ビィズも衰弱が激しく、香織の魔法で何とか持ち直し意識ははっきりしているものの、自力で歩行するには少々心許ない有様だった。見かねた香織と雫が肩を貸そうとしたところ、ビィズが顔を赤くして「ああ、使徒様自ら私を…」等といって潤んだ瞳で二人を見つめていたものだから「女の子に任せるわけにもいかないし、俺が運ぶよ」と、カナタがビィズを担いで此処まで運んできた訳だ。余談だが、その時の彼は凄い良い笑顔だったのに何故かちょっとだけ恐怖を感じた、と後日優花が語ったのは別の話である。

 

「じゃあ、動くか。香織はシアを連れて医療院と患者が収容されている施設へ。
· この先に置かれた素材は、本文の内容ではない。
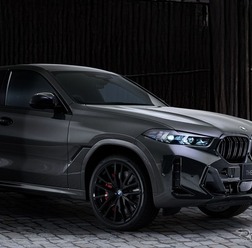 BMW X6 Edition Shadow
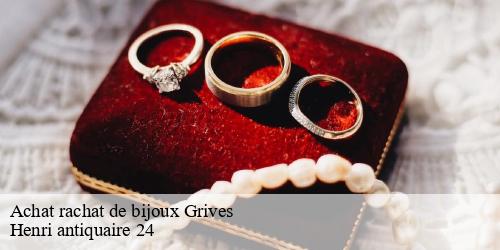 Achat rachat de bijoux grives-24170 Henri antiquaire 24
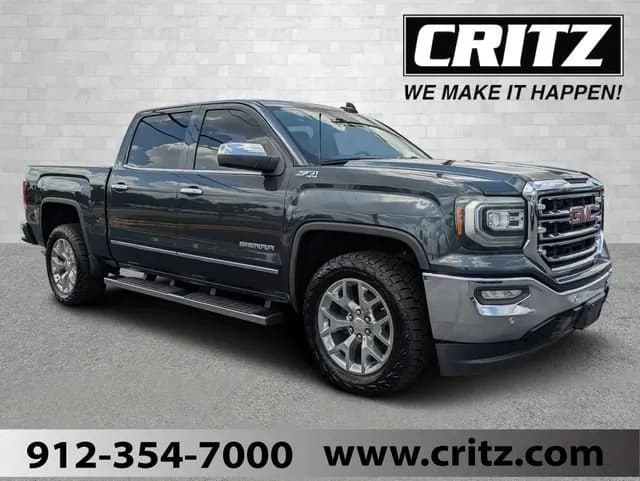 2018 GMC Sierra 1500 - Pickup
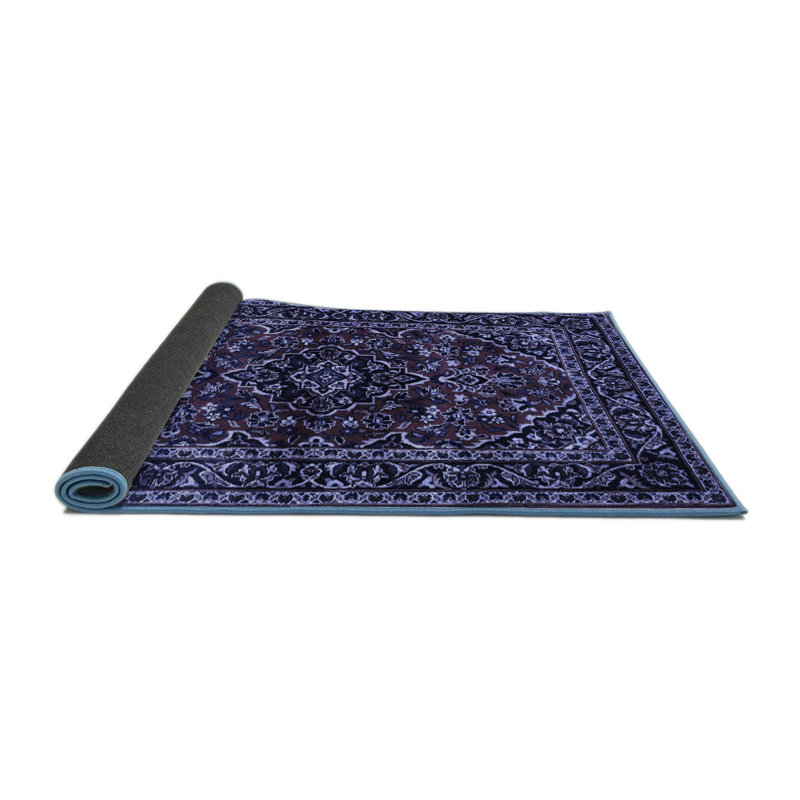 Oriental Indoor Rug, Round 5'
魔晶石も持っていけ。俺達は、水の確保だ。領主、最低でも二百メートル四方の開けた場所はあるか?」

 

「む? うむ、農業地帯に行けばいくらでもあるが……」

 

「なら、そっちは俺とユエで行こう。シアは、魔晶石がたまったらユエに持って来てやってくれ。後の4人はオアシスに行って汚染原因を調査していてくれ。俺とユエも水源を確保したら調査に合流する」

 

 やがて、事情の説明を終えたハジメが他のメンバーに指示を飛ばす。香織は同じ病状で倒れている住民の治療。そして、その過程で魔力が溜まった魔晶石も用いてユエが水源の確保。並行してカナタ達が原因とされてるオアシスを調査、詳しい原因を特定・排除できれば良し。ダメなら一端後回しにして、神代魔法と静因石採取の為にグリューエン大火山へ向かうと言う流れだった。

 

 

 

 

 

 

 ※

 

 

 

 

 静因石の服用+香織の治療によりとりあえずは活動に支障が無い程度には回復したビィズの案内を受け、カナタ達は例のオアシスを訪れていた。一切の澱みなく澄み切り、キラキラと輝くオアシスはとても人を死に到らしめるほどの毒素を含んでいるとは到底見えなかった。

 

「……むっ?」

 

「どうしたの、カナタ?」

 

「ああ、今なんかオアシスの底に魔力の反応が、な」

 

 オアシスの水面を眺めていたカナタだったが、ふとオアシスの中に何かの魔力を感じ、その視線をビィズに向けた。

 

「ビィズさん、確か国の方でも調査が行われたんですよね。その時の話を聞かせてもらっても良いでしょうか?」

 

「はい、以前にオアシスとそこから流れる川、各所井戸の水質調査と地下水脈の調査が行われています。水質は以前説明した通りで、けれど地下水脈にも特に異常は見つからなかっったんです。とは言え、調べられたのは、このオアシスから数十メートルが限度ですし、オアシスの底まではまだ手が回っていない状況です」

 

 ビィズの説明を聞き「ふむ」とカナタが呟く。

 

「水質管理や浄水目的でオアシスになんかのアーティファクトを沈めたりとかは?」

 

「いえ、そうしたアーティファクトは確かにありますがそれらは地上に設置されており、オアシスの中には何も入っていないはずですが」

 

「主よ、これは……」

 

「ああ、十中八九当たりだな」

 

 そう言って、カナタはオアシスの中に手を入れる。

 

「……ビィズさん」

 

「はい?」

 

「魚が全滅するのは勘弁して下さいね」

 

「何を――?」

 

 するつもりで? と言うビィズの返事を待たずにカナタは纏雷を発動。基本は前衛ながらそこら辺の魔術師を遥かに凌駕する魔力から放たれた電気はオアシス全体をバチバチと帯電させ、その電流により死亡した魚が次から次へと水面に浮かび上がり、綺麗なオアシスは一転して凄惨な光景へと変わっていく。

 

「か、カナタ殿!? 一体何を!?」

 

 突然、魚の大量虐殺を始めたカナタの姿にビィズは目を剥き、彼の意図を確認するべく彼に近づいた時だった。

 

「……え?」

 

 シュバッ! と言う風を切り裂く音と共に無数の水が触手となって彼らに襲い掛かる。が、それらはティオの魔法、そして雫の緋空斬に迎撃され、蒸発していく。その後、今度はオアシスの水面が盛り上がり、十メートル近い高さの小山になったのである。

 

「こ、これは……?」

 

 カナタ達が険しい表情で各々の武器を構える中、水が重力に逆らい盛り上がると言う異様な光景を目の当たりにしたビィズの呟きがその場に響き渡ったのだった。